Un PDF n'est pas une facture électronique au sens légal : c'est une image d'une facture. Votre logiciel doit générer, envoyer, recevoir et archiver le fichier structuré ; le PDF peut l'accompagner à titre de présentation visuelle, mais la donnée fiscale est portée par le fichier XML ou UBL.
Le décret royal 238/2026 : ce qu'il réglemente exactement
Le RD 238/2026, publié le 31 mars 2026, développe l'article 12 de la loi Crea y Crece et modifie le règlement sur les obligations de facturation (RD 1619/2012). Ses points clés sont :
- Champ d'application personnel : les entrepreneurs et professionnels établis en Espagne qui réalisent des opérations entre eux (B2B), quel que soit le montant. Sont exclues les opérations avec les consommateurs finaux (B2C) et celles déjà couvertes par le SII ou le système FACe pour les administrations publiques.
- Format obligatoire : la norme européenne EN 16931, en syntaxe UBL ou CII. Les plateformes gérant l'échange devront être accréditées ou connectées à la solution publique du ministère.
- États de paiement : nouveauté importante — l'émetteur et le destinataire doivent enregistrer et communiquer le statut de la facture (reçue, acceptée, payée, impayée) dans un délai maximum de 4 jours ouvrables à compter de l'événement. Ce mécanisme vise à renforcer la loi sur les délais de paiement et à fournir à l'Agence fiscale des données réelles sur les délais d'encaissement.
- Solution publique : le ministère de l'Économie mettra à disposition une plateforme publique gratuite pour les PME et les travailleurs indépendants ne disposant pas de logiciel spécialisé.
- Interopérabilité : les plateformes privées doivent garantir l'échange avec toute autre plateforme accréditée, évitant ainsi l'effet de «jardin fermé» des fournisseurs technologiques.
Dates définitives : le calendrier à marquer en rouge
Le RD 238/2026 prévoit deux phases d'entrée en vigueur, conditionnées à l'entrée en vigueur de l'arrêté ministériel d'accréditation des plateformes — dont le RD 238/2026 fixe la publication avant le 1er juillet 2026 — et à partir de là, les délais sont :
| Profil d'entreprise | Critère | Date limite pour émettre et recevoir |
|---|---|---|
| Grandes entreprises | Chiffre d'affaires annuel supérieur à 8 millions d'euros | Octobre 2027 (12 mois après l'entrée en vigueur de l'arrêté ministériel) |
| PME et travailleurs indépendants | Tous les autres entrepreneurs et professionnels | Octobre 2028 (24 mois après l'entrée en vigueur de l'arrêté ministériel) |
| Toutes les entreprises (réception) | Quelle que soit la taille | À partir d'octobre 2027 si l'émetteur est une grande entreprise |
Point critique pour les PME : même si vous n'êtes pas obligée d'émettre avant 2028, si un grand fournisseur vous envoie des factures électroniques à partir d'octobre 2027, vous devez être en mesure de les recevoir et de les traiter. Cela signifie que la marge réelle pour adapter votre système est plus courte qu'il n'y paraît.

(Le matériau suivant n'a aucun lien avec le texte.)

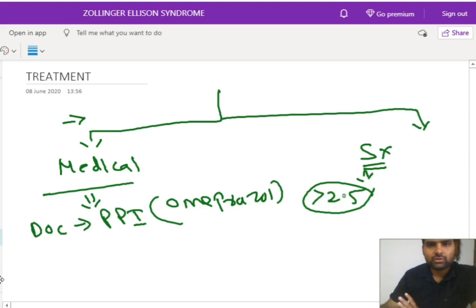This is all about Zollinger-Ellison syndrome. I hope you understood this topic. Thank you so much.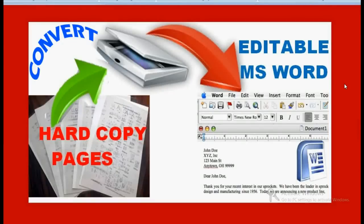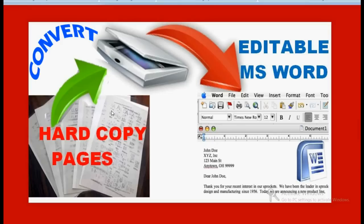Good morning. Today I am going to explain a very interesting and surprising thing which is also very useful. Suppose you have some hard copies of printed documents but no soft copy. If someone tells you there are certain mistakes on these hard copies, you need those mistakes to be corrected. If it has many pages and many mistakes, you don't want to start typing from the beginning.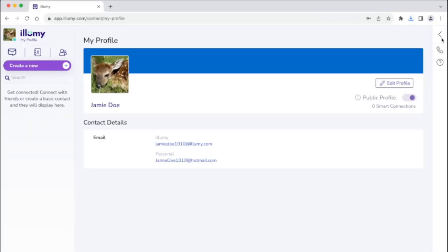Or, click on the X to cancel and return to your My Profile screen.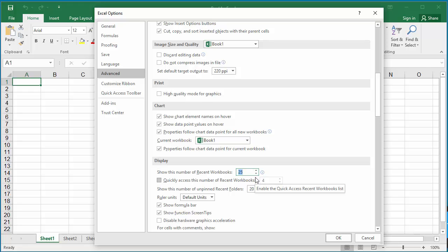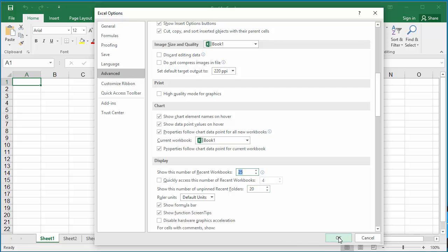After changing the number to the value you want, click on OK to save the setting. Excel displays the recent workbooks based on your new setting.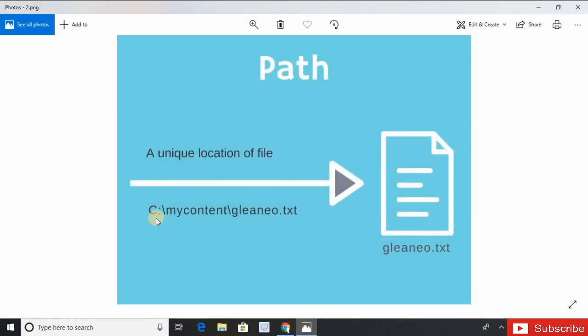There are two kinds of path: one is absolute, another is relative. When the path is related to root directory, it's called absolute path. When the path is related to current directory, it's called relative path.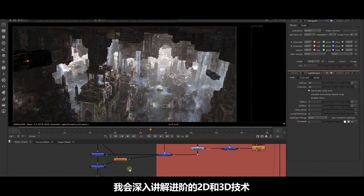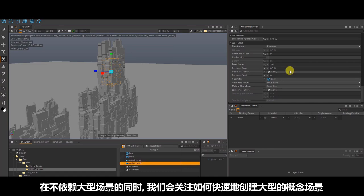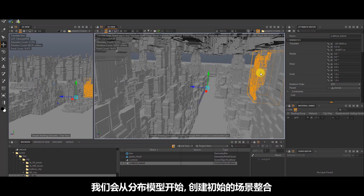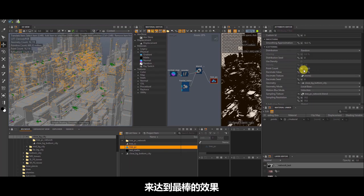In this tutorial, I will talk in-depth about advanced 2D and 3D techniques while also making sure that concepts are explained simply enough so that even a beginner artist can understand how to do it and follow along. We will look at ways to quickly generate large-scale conceptual environments single-handedly without needing to rely on a large team of artists. We will start off with scattering in order to create an initial composition, during which time I will explore and discuss various techniques and queries in Maya in order to achieve the best results.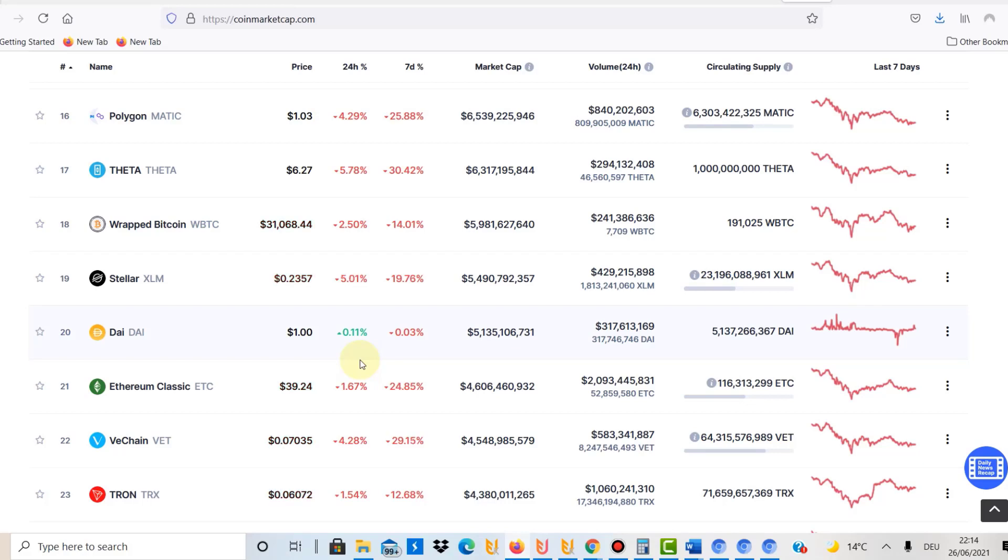And then I put $100 in Stellar Lumens. That is one way how I would build a $1,000 portfolio to start with, to get a profitable portfolio which is a little bit alternative but also not with too risky investments in there.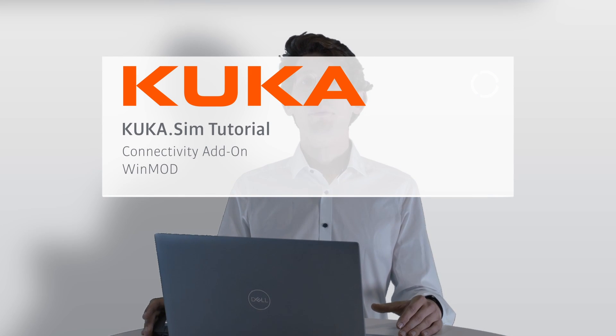Hello everyone, I'm Chris and today we'll have a deep dive in the connectivity add-on with WinMod in KUKA.Sim. In the first part we will write a little program for a conveyor to change its speed depending on the trigger in WinMod. Then you will learn how to connect it to the simulation in KUKA.Sim and the variables and see the effect of the program.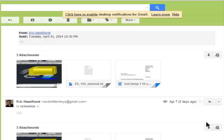Hi, Eric with Rockin' H Farm Toys. Today, I'm going to demonstrate how to upload an STL file for 3D printing to shapeways.com.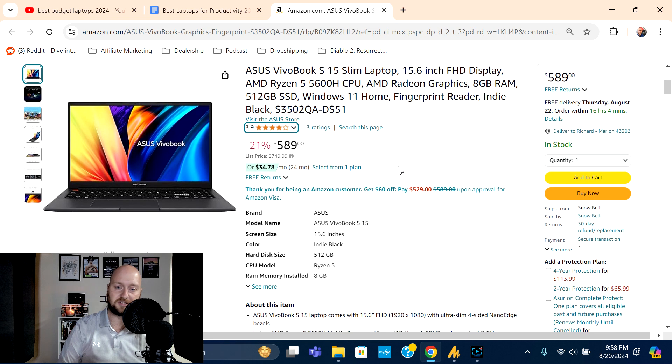There you have it, there's my overview on the ASUS VivoBook S15. Again, very good laptop for the money. I hope you enjoyed it. If you have any questions, let me know in the comment section and I'll be more than happy to answer them.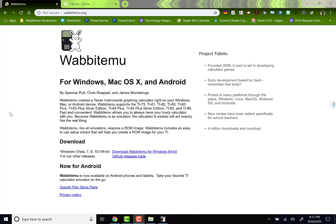The easiest way to do it is using a program called Wabbitemu. Wabbit as in you wascally wabbit and EMU as in emulator. When you run this program, I want to show you what it looks like.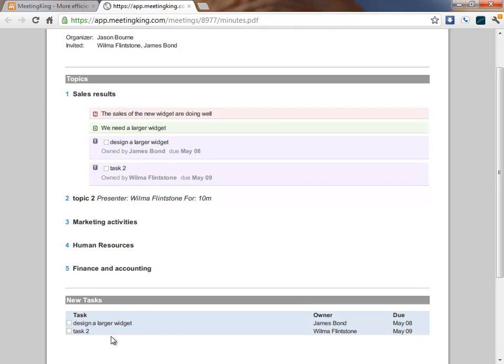So, when you compare this with making agendas and minutes in Word, it's not only more efficient time-wise, but you are also actually creating active or actionable information as opposed to dead information. When you create something in a Word document, the chances are that it will disappear on the server, you will not receive reminders, and you cannot link and combine information from different meetings.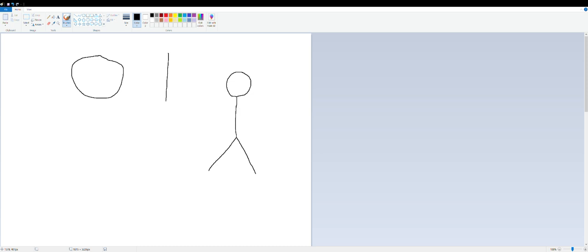Now if you want to keep it very simple, you can actually just draw a line straight across. And now you have two arms. Decorate to taste. Thank you.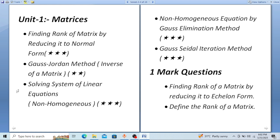Next is solving non-homogeneous equations by the Gauss elimination method — this is also most important. Then the Gauss-Seidel iteration method. To summarize, the three most important topics from Matrices are: normal form, solving systems of linear equations, and the Gauss-Seidel iteration method. A question paper will not appear without questions on these three topics.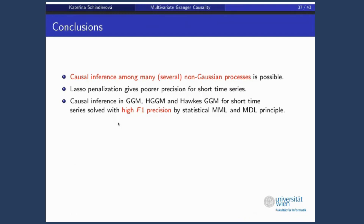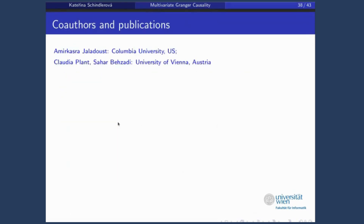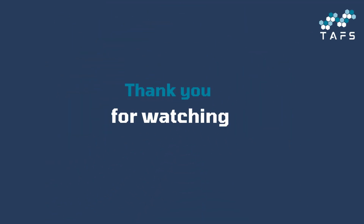To conclude: we talked about alternative Granger causal models for multiple variables. We showed that the common approach by LASSO is not the best one. We proposed compression schemes — MDL and MML — to infer causality with high F1 precision. Publicly available code for each method is available. These results were developed together with co-authors, and all details are in our papers. Thank you for your attention.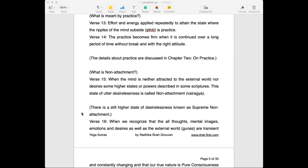This is called vairagya. Verse 15 explains: when the mind is neither attracted to the external world nor desires higher states or powers described in scriptures, this state of desirelessness is called non-attachment. So we are practicing to uncolor these external objects so that the mind does not keep going towards them, nor should we do this for the purpose of gaining powers — the siddhis described in chapter three of the Yoga Sutras.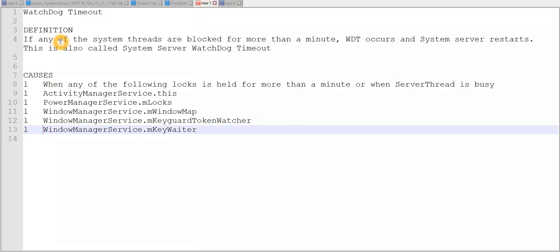So we will see the watchdog timeout definition first. If any of the system threads are blocked for more than a minute, watchdog timeout occurs and the system server will restart. This is also called a system server watchdog timeout. We all know that system server is the first process to be spawned and it has the responsibility to start other processes one by one — for example, power manager service, activity manager, or notification manager.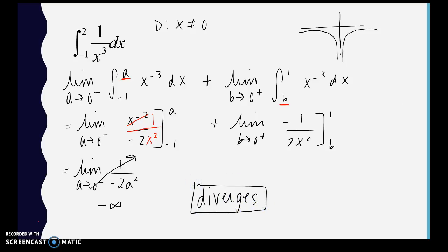As mentioned earlier, the graph gives us information about the limit. You don't have to go any further — once you find that one limit does not exist, the entire integral diverges.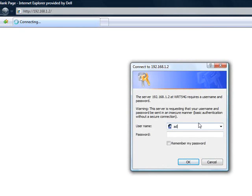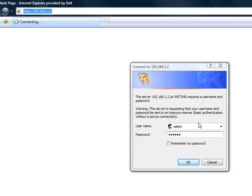You will be asked for the username and password. Type the username as admin and the password as admin. We have already changed the password so I will enter my password.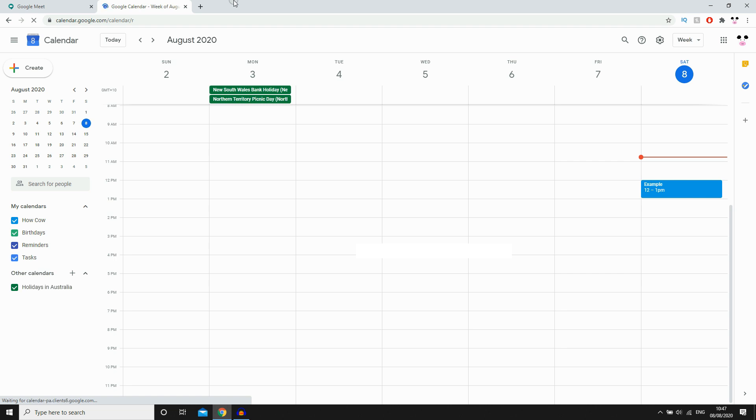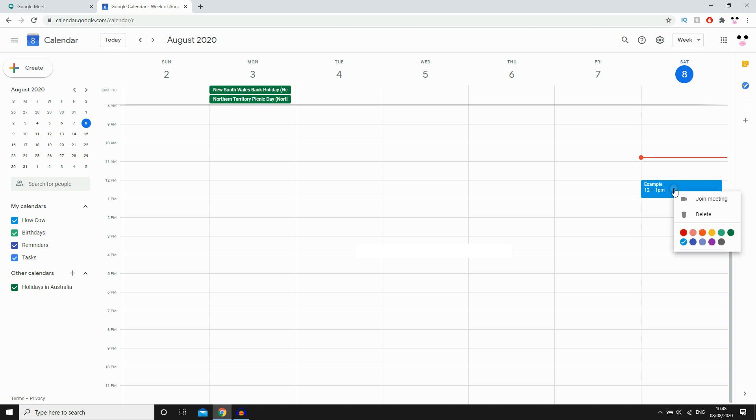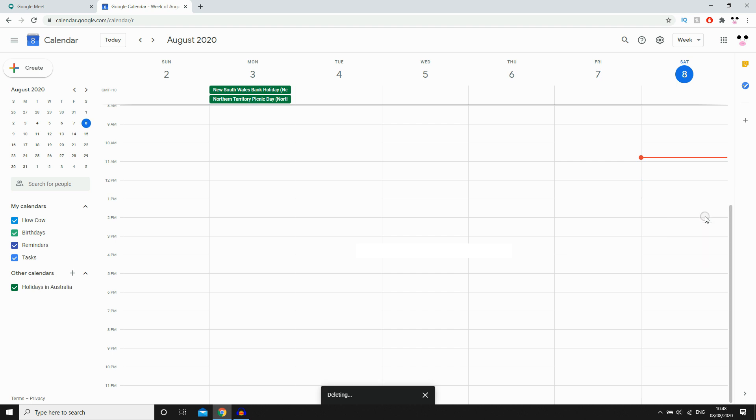Then you'll want to find wherever the meeting date is. For me it's 12pm today, so I can see the meeting there. What you're going to want to do is right-click on that, then go ahead and click delete. You'll see down at the bottom here, event deleted.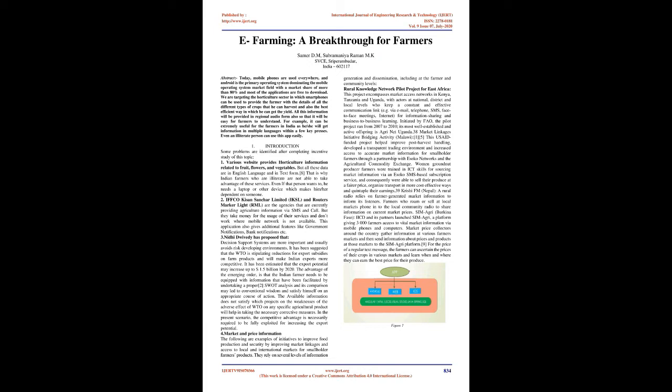Communication happens via email, telephone, SMS, face-to-face meetings, internet, for information sharing and business-to-business learning. Initiated by FAO, the pilot project ran from 2007 to 2010. Its most well-established and active offspring is AgriNet Uganda. Market linkages initiative bridging activity, Malawi.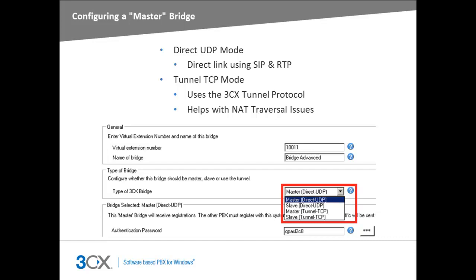The Direct UDP mode will set up a direct SIP and RTP link between the two PBX systems being connected. The Tunnel TCP mode will set up the link to pass through the 3CX Tunnel protocol to help with possible NAT traversal issues. For a direct bridge using UDP mode, you need to define an authentication password, which will then be used by the slave to register.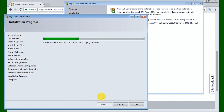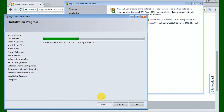On our screen here you can see we're still copying files and it'll take a little bit more time. It'll probably take at least 10 minutes or so to install all the files — this is quite an extensive program.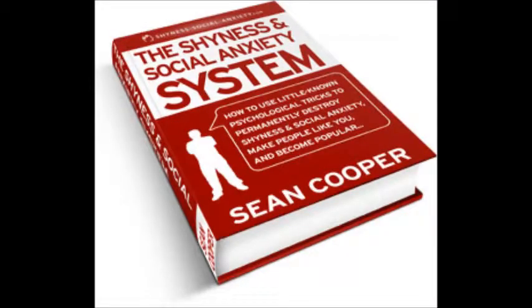Out of all the similar products available in the niche market, I found this particular one to be the most genuine and well put together.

Qui est concerné et qui est exclu ?
La réglementation s'applique à tous les entrepreneurs et professionnels établis en Espagne qui réalisent entre eux des opérations soumises à la TVA. Cela inclut les sociétés à responsabilité limitée, les sociétés anonymes, les travailleurs indépendants et les communautés de biens qui facturent à d'autres entreprises. Les éléments suivants tombent hors du champ d'application :
- Les factures aux consommateurs finaux (B2C).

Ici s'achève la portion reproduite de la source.